*** EXERCISE INPUTS ***
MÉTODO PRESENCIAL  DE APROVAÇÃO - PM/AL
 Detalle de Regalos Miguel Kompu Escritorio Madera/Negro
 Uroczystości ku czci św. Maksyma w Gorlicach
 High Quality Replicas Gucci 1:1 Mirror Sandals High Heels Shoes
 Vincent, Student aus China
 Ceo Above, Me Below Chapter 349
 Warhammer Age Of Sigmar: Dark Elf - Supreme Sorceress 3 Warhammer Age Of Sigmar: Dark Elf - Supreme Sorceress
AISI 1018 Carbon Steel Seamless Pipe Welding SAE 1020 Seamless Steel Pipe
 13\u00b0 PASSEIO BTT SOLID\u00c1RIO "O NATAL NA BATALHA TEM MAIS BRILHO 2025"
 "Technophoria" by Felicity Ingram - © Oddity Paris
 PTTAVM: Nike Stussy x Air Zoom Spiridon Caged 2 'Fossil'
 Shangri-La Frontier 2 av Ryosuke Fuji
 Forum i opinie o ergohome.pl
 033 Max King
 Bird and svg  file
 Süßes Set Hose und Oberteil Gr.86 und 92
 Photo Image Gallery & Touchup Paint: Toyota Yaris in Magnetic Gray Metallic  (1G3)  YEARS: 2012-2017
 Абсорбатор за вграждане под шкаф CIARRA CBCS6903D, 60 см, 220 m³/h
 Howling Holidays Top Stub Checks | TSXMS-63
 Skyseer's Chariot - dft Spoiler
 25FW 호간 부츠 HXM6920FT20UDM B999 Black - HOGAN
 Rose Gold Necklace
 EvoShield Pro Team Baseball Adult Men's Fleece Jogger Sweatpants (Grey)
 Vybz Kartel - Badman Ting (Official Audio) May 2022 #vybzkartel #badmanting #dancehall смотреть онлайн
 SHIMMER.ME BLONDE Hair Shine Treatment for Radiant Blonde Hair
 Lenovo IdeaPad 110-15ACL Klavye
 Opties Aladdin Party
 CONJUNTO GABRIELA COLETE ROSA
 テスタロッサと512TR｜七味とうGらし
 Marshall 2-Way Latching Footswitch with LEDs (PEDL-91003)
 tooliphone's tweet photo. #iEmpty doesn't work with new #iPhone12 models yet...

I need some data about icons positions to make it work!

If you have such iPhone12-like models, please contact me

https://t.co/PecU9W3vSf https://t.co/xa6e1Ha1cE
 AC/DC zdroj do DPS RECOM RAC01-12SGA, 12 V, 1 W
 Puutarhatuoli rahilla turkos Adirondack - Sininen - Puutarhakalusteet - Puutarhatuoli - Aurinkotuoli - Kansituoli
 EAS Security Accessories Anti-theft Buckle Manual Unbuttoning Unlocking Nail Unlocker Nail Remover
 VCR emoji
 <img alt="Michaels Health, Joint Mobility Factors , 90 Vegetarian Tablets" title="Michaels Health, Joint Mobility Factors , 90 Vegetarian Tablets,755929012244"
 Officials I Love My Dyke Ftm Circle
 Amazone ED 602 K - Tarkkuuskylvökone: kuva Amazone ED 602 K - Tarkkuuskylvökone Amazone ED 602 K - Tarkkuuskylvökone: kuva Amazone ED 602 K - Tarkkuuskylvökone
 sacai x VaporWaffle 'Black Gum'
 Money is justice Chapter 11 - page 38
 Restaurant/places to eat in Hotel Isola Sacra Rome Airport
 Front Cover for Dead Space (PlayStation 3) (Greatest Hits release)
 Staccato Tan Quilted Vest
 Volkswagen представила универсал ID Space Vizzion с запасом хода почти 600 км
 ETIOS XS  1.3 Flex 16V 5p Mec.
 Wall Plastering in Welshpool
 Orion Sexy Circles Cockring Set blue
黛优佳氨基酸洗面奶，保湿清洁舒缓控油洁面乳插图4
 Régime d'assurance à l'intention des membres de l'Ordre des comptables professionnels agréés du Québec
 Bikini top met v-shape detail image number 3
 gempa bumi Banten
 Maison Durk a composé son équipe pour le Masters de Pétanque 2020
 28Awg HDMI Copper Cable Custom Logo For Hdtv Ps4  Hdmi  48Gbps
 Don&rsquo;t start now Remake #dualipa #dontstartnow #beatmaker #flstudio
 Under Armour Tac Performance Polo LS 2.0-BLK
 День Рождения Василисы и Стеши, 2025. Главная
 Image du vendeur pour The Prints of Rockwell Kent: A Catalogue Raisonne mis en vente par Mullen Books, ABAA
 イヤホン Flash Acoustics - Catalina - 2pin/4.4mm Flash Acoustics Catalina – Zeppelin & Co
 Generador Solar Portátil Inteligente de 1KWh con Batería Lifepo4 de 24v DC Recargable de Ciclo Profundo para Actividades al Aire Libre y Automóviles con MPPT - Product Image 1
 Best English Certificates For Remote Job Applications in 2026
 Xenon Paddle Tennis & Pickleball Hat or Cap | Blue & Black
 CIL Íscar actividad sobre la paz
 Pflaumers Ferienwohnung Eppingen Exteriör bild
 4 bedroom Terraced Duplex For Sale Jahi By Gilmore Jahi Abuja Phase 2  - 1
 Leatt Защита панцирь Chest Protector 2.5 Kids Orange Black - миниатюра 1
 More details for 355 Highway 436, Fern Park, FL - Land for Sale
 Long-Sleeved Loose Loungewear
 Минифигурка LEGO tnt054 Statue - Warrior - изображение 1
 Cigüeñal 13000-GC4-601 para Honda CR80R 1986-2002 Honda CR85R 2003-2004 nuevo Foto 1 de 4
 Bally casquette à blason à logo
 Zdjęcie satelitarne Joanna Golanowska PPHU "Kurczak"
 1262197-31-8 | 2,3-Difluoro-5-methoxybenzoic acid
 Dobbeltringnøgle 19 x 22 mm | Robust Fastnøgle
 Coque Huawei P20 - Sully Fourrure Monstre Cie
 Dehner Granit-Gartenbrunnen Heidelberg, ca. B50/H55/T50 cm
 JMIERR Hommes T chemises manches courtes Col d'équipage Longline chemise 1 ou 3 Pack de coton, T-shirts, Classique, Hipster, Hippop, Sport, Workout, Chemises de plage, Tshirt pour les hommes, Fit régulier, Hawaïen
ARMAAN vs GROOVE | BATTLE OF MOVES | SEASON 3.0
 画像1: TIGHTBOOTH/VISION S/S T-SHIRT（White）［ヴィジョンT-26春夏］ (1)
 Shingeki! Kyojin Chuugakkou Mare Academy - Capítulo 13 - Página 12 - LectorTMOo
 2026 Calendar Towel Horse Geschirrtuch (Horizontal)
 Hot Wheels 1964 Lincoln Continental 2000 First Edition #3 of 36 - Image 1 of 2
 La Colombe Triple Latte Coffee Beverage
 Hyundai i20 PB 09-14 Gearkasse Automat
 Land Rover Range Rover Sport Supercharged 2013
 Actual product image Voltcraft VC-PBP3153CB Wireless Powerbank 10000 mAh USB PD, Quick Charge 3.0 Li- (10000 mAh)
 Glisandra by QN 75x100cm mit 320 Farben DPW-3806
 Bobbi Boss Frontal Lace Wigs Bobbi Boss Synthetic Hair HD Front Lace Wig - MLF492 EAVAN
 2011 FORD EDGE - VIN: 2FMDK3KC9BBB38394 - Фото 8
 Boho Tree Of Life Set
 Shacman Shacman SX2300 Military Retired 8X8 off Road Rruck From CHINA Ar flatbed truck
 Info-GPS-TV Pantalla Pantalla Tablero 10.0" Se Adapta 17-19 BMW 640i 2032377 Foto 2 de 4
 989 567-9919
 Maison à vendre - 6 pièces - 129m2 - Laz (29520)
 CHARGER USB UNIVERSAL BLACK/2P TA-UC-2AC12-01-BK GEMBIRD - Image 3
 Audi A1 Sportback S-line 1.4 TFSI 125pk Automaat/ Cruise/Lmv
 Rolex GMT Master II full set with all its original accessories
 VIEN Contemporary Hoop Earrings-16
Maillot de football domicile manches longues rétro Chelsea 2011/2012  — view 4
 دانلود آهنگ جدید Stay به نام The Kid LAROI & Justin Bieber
*** End of EXERCISE INPUTS ***
**TASK DETAILS**
Please output only the lines from the one holding "Bobbi Boss Frontal" to the end of the records, first and last included, exactly as they appear.

**RESPONSE**
 Bobbi Boss Frontal Lace Wigs Bobbi Boss Synthetic Hair HD Front Lace Wig - MLF492 EAVAN
 2011 FORD EDGE - VIN: 2FMDK3KC9BBB38394 - Фото 8
 Boho Tree Of Life Set
 Shacman Shacman SX2300 Military Retired 8X8 off Road Rruck From CHINA Ar flatbed truck
 Info-GPS-TV Pantalla Pantalla Tablero 10.0" Se Adapta 17-19 BMW 640i 2032377 Foto 2 de 4
 989 567-9919
 Maison à vendre - 6 pièces - 129m2 - Laz (29520)
 CHARGER USB UNIVERSAL BLACK/2P TA-UC-2AC12-01-BK GEMBIRD - Image 3
 Audi A1 Sportback S-line 1.4 TFSI 125pk Automaat/ Cruise/Lmv
 Rolex GMT Master II full set with all its original accessories
 VIEN Contemporary Hoop Earrings-16
Maillot de football domicile manches longues rétro Chelsea 2011/2012  — view 4
 دانلود آهنگ جدید Stay به نام The Kid LAROI & Justin Bieber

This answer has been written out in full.